▸ DATA SECTION
---+---

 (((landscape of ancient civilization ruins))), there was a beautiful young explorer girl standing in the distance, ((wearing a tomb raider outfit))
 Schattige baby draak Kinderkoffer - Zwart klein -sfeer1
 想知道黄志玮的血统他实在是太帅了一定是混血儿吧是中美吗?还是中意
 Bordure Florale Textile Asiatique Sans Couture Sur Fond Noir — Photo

---+---

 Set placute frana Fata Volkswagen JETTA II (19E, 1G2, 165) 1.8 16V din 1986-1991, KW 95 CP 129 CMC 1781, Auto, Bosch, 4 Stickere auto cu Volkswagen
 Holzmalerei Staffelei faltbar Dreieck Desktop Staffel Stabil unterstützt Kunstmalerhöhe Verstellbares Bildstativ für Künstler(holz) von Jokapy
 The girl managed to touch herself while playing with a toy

---+---

▸ WORK INSTRUCTIONS
If a line of the records includes the string "girl", copy it out.

▸ REPLY TO THE EXERCISE
 (((landscape of ancient civilization ruins))), there was a beautiful young explorer girl standing in the distance, ((wearing a tomb raider outfit))
 The girl managed to touch herself while playing with a toy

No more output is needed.